Start of Input data

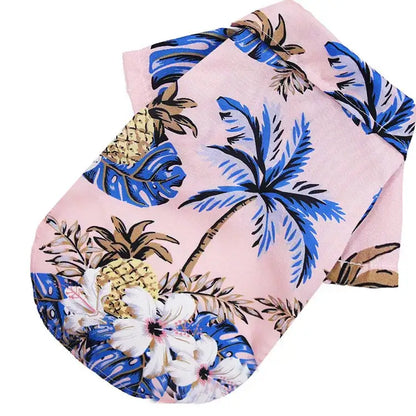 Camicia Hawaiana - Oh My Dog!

End of Input data
Start of Input data

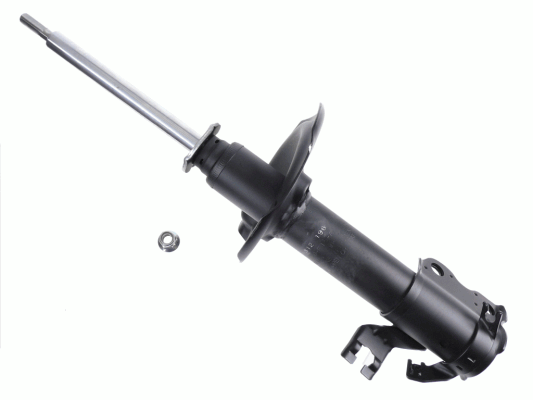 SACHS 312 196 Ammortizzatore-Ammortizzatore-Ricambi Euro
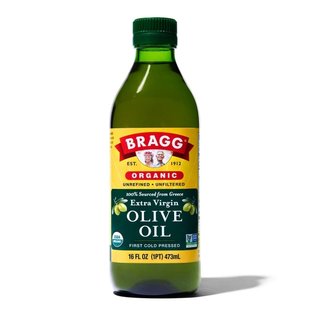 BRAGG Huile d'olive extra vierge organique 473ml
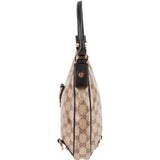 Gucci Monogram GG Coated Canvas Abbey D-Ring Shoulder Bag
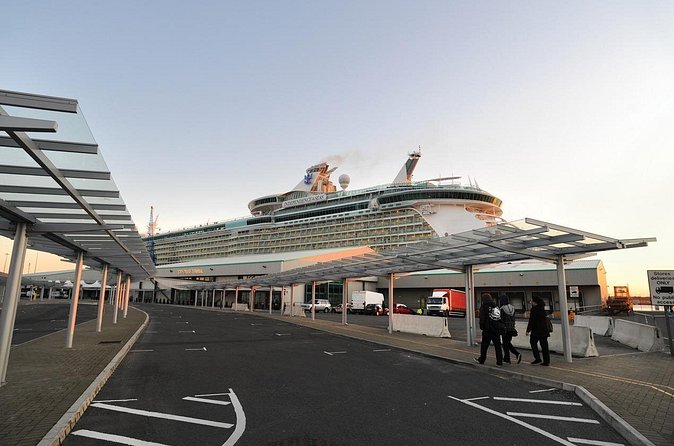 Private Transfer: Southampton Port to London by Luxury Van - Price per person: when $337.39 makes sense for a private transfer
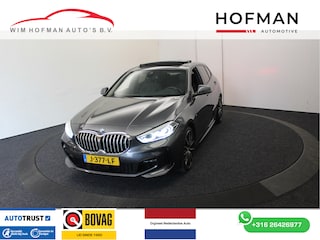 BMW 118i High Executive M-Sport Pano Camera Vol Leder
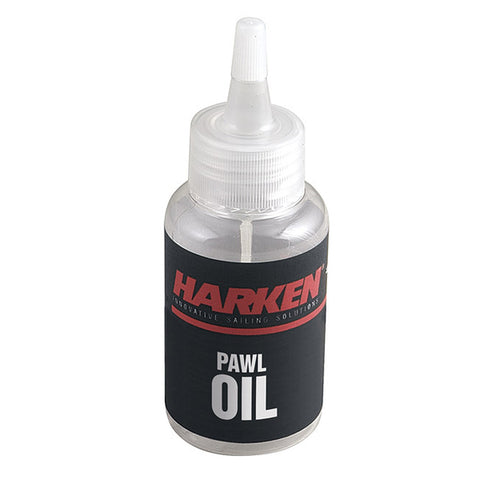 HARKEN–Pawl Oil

End of Input data

## Problem to work on
Copy needed, without pictures: the lines of the listing above from the line containing "Gucci Monogram GG" up to and including the line containing "HARKEN–Pawl Oil", set down exactly.

## Expected output
 Gucci Monogram GG Coated Canvas Abbey D-Ring Shoulder Bag
 Private Transfer: Southampton Port to London by Luxury Van - Price per person: when $337.39 makes sense for a private transfer
 BMW 118i High Executive M-Sport Pano Camera Vol Leder
 HARKEN–Pawl Oil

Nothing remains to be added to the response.